Do insurance agents, brokers and consultants still receive undisclosed compensation from the vendors they recommend?
By Molly Mulebriar
A recent assignment has reaffirmed the practice. Hired to review a self-funded health plan managed by an Agent of Record and an insurance consultant (yes, you read that right, the group employed both at the same time), we followed the money. Disclosed broker compensation of approximately $130,000 ended up in excess of $600,000 with the addition of fees / commissions to which the plan sponsor was unaware. This does not include any kind of bonus arrangement found to be fairly common within our industry which, if applicable to this case, would drive up the compensation to a higher level.
The following case back in 2005 illustrates the practice of earning undisclosed compensation in the market that continues to this day:
SUMMARY OF THE CASE
For years, Connecticut consumers, including numerous municipalities and educational institutions, have paid hundreds of thousands of dollars to Aon Consulting to obtain the best professional advice so that they could get the best insurance coverage for the best price.
Aon, in violation of its fiduciary duties to its clients, and insurers including Aetna, Inc. and Anthem Blue Cross Blue Shield, entered into undisclosed, secret, back-door agreements to receive ‘bonus’ commissions, also called overrides or contingent commissions, which were in essence, kickbacks, to steer or retain business.
Aon fought hard for these “pay-to-play” bonuses and Aon and Aetna and Anthem worked hard to make sure the Connecticut consumers did not know – or fully understand – the true nature of these agreements.
Even in cases where brokers had contracts with their clients obligating disclosure or were required to disclose these excess commissions on IRS forms, Aon did not inform its clients of these payments even when clients asked, a silence and deception that Aetna and Anthem were at least complicit in.
The costs of these hidden payments to brokers — payments generally much higher than the fees paid by the clients to the brokers — were folded into the overall premiums paid. This generated higher costs for all consumers including municipalities and educational institutions, a fact that was fully recognized by both the brokers and the insurers.
Ultimately, consumers and municipal taxpayers were harmed, and the free and open market for insurance was crippled by these deliberate and unscrupulous practices.

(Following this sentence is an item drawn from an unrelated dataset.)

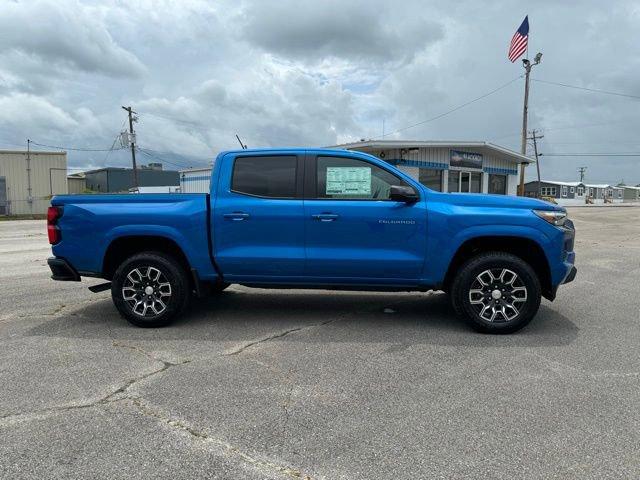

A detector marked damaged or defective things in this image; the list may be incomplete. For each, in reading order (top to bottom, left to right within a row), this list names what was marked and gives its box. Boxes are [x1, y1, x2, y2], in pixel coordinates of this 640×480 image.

Padding the School Policies?
“Defendants have fraudulently obtained millions of dollars from Texas school districts in consultant fees,” the suit states. It seeks to have Mercer’s revenues forfeited and triple damages awarded to those covered under Mercer-influenced contracts.
Marsh & McLennan and Mercer are accused of racketeering, fraud, abusing the financial trust with school districts, bid-rigging, deceptive trade practices and violations of the state’s insurance code.
The suit states that Rupa Mathur was both an insurance agent and consultant as well as benefits manager with HISD. While with the district, the suit alleges, she received about $250,000 from insurers, including about $24,000 from a Marsh insurance firm.